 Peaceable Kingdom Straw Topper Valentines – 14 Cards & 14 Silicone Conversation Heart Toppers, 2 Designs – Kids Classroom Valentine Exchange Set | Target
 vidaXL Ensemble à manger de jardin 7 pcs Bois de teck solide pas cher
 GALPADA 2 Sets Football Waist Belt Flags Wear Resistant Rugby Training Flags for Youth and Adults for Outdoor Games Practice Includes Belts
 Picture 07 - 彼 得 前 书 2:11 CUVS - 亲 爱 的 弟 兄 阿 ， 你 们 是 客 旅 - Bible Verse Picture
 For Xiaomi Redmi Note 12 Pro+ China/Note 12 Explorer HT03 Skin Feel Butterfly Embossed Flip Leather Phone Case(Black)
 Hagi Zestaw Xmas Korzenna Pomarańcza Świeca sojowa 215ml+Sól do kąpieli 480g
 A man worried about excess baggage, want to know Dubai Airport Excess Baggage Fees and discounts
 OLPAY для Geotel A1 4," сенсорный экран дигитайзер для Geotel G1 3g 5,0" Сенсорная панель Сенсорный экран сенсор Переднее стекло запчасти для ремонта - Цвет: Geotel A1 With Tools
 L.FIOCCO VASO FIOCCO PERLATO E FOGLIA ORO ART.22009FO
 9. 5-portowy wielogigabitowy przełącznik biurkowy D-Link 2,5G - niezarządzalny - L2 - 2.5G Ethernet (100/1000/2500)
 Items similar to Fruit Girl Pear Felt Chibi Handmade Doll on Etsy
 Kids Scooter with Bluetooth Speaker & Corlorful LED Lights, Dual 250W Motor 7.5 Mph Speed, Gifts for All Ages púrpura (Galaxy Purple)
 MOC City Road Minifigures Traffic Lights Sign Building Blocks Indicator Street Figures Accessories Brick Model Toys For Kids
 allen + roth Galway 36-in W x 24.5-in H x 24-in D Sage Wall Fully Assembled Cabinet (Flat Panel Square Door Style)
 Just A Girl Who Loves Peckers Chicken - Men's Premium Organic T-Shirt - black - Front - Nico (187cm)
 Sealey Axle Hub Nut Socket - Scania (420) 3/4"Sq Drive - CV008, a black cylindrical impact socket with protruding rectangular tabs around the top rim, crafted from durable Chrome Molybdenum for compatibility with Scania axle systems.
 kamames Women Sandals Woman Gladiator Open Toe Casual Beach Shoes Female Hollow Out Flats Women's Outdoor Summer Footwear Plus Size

■ ■ ■ ■ ■

> What is needed: All lines above from the one holding "Hagi Zestaw Xmas" to the one holding "Items similar to", inclusive, are to be copied exactly; no other line is wanted.

> Answer section:
 Hagi Zestaw Xmas Korzenna Pomarańcza Świeca sojowa 215ml+Sól do kąpieli 480g
 A man worried about excess baggage, want to know Dubai Airport Excess Baggage Fees and discounts
 OLPAY для Geotel A1 4," сенсорный экран дигитайзер для Geotel G1 3g 5,0" Сенсорная панель Сенсорный экран сенсор Переднее стекло запчасти для ремонта - Цвет: Geotel A1 With Tools
 L.FIOCCO VASO FIOCCO PERLATO E FOGLIA ORO ART.22009FO
 9. 5-portowy wielogigabitowy przełącznik biurkowy D-Link 2,5G - niezarządzalny - L2 - 2.5G Ethernet (100/1000/2500)
 Items similar to Fruit Girl Pear Felt Chibi Handmade Doll on Etsy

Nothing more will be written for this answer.